9.4 Unfiltered Joins

The method so far generally assumes that you are tuning queries against large tables, since these dominate the set of SQL that needs tuning. For such queries, especially when they are online queries, you can generally count on finding at least one selective filter that leads to an attractive driving table. Occasionally, especially for large batch queries and online queries of small tables, you will tune unfiltered joinsjoins of whole tables without restriction. For example, consider Figure 9-5.

Figure 9-5. An unfiltered three-way join

How do you optimize such a query, with no guidance based on filter selectivities? For nested-loops plans, it hardly matters which join order you choose, as long as you follow the join tree. However, these are precisely the queries that most reward hash joins, or sort-merge joins when hash joins are unavailable. Assuming hash joins are available, the database should read all three tables with full table scans and should hash the smaller tables, A1 and A2, caching these hashed tables in memory if possible. Then, during the single pass through the largest table, M, each hashed row is rapidly matched with the in-memory matching hashed rows of A1 and A2. The cost of the query, ideally, is roughly the cost of the three full table scans. The database can't do better than that, even theoretically, given that you need all the rows from all three tables.

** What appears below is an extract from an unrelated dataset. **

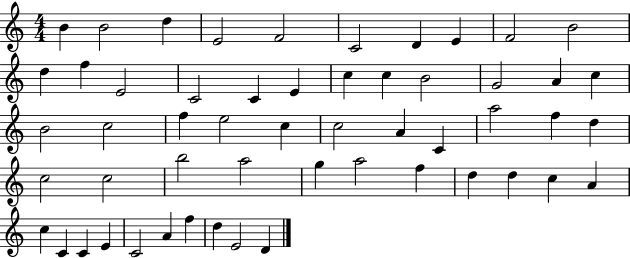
B4/q B4/h D5/q E4/h F4/h C4/h D4/q E4/q F4/h B4/h D5/q F5/q E4/h C4/h C4/q E4/q C5/q C5/q B4/h G4/h A4/q C5/q B4/h C5/h F5/q E5/h C5/q C5/h A4/q C4/q A5/h F5/q D5/q C5/h C5/h B5/h A5/h G5/q A5/h F5/q D5/q D5/q C5/q A4/q C5/q C4/q C4/q E4/q C4/h A4/q F5/q D5/q E4/h D4/q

Cost-based optimizers are generally good at finding optimum plans for queries such as these, without manual help.

When either A1 or A2 is too large to cache in memory, consider the more robust nested-loops plan driving from table M, and check how much slower it turns out to be. Indexed lookups, one row at a time, will likely be much slower, but they will eventually succeed, while the hash join runs the risk of exhausting temporary disk space if A1 or A2 is too big to hold in memory.